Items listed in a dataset
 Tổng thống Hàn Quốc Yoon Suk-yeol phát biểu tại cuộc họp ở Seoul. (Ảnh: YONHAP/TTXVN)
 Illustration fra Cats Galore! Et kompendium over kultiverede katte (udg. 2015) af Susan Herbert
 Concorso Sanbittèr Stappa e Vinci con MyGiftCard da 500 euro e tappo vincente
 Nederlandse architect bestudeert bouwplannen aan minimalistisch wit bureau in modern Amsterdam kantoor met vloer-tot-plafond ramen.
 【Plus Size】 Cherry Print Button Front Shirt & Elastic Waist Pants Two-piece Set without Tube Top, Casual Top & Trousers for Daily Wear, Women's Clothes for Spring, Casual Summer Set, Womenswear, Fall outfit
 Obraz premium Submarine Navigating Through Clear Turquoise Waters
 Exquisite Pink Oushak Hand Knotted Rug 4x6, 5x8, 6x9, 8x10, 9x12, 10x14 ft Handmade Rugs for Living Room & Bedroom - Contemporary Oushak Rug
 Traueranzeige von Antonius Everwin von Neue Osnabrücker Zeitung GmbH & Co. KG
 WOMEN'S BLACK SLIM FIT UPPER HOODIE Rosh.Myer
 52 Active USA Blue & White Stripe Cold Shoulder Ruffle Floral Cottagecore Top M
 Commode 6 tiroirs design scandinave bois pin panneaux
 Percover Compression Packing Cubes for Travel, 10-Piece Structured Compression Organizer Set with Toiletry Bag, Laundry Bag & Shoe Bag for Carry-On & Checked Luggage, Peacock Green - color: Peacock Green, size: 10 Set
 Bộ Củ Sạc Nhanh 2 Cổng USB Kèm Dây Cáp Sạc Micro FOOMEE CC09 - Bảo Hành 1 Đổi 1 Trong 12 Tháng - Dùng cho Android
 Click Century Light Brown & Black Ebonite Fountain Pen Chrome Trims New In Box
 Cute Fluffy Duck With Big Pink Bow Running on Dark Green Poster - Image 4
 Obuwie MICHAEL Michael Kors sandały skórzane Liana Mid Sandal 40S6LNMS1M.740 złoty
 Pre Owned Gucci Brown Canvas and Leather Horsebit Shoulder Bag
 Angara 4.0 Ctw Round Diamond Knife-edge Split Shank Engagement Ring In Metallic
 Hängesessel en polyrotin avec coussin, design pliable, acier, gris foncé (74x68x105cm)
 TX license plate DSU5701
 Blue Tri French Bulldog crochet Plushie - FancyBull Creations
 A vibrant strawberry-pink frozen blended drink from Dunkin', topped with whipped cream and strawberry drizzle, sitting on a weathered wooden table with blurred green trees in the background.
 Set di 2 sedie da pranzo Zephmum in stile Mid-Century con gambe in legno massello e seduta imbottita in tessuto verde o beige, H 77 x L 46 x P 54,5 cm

* Your objective:
For every line in the data above that holds "design", return the line itself.

* Answer below:
 Commode 6 tiroirs design scandinave bois pin panneaux
 Hängesessel en polyrotin avec coussin, design pliable, acier, gris foncé (74x68x105cm)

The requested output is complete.